Thursday, November 3, 2011

Why OccupyPhilly Is Targeting Comcast


Occupy Philadelphia Day 29

Yesterday, in solidarity with OccupyOakland, OccupyPhiladelphia marched through Philadelphia stopping at Republican U.S. Senator Toomey;s office to protest before continuing on to the Comcast building. Comcast is a poster child for coprpoate greed, mnaking huge profits and paying no taxes. At Comcast nine OP members engaged in non-violent civil disobedience with a sit-in and were arrested. There was significant media converage, the message of the protest was ddelivered, so it was a successful action.

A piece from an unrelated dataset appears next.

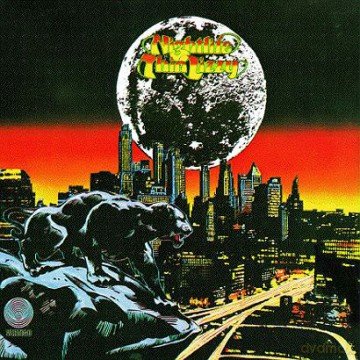 Thin Lizzy: Night Life [CD]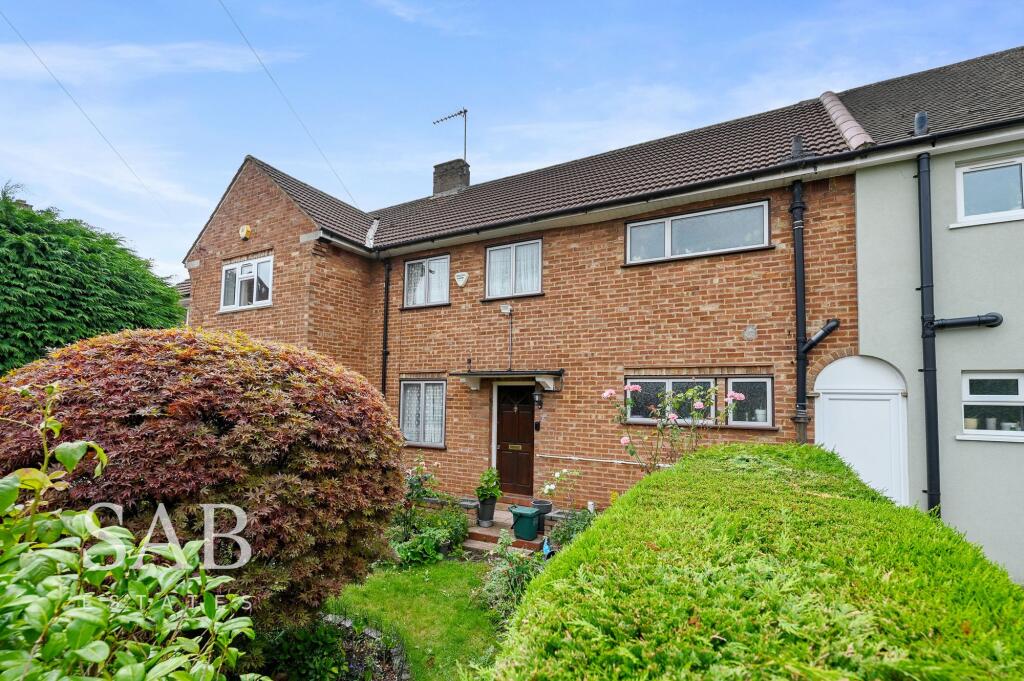 Main image of property: Melrose Close, Greenford, UB6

Wednesday, November 2, 2011

Occupy Philadelphia Day 28

These ohotos were taken along the banks of the Schuylkill River in the AM. Today is day 28 of Occupy Philadelphia. There is a nationwide general strike called for today in solidarity with OccupyOakland, and the brutal police attack there that sent 24 year old Scott Olsen a U.S. veteran, to the hospital with a fractured skull. In Philadelphia there will be a rally at noon at the occupation site (Dilworth Plaza) followed by a march to the office of Republican Senator Toomey, who stands for the 1 percent.

Tuesday, November 1, 2011

Fall On Boathouse Row

Early November is about the peak for autumn colors in Philadelphia. On our morning walks Bradley and I pass by Philadelphia's historic Schuylkill Navy boathouses. They are extra pretty surounded by the colors of Fall.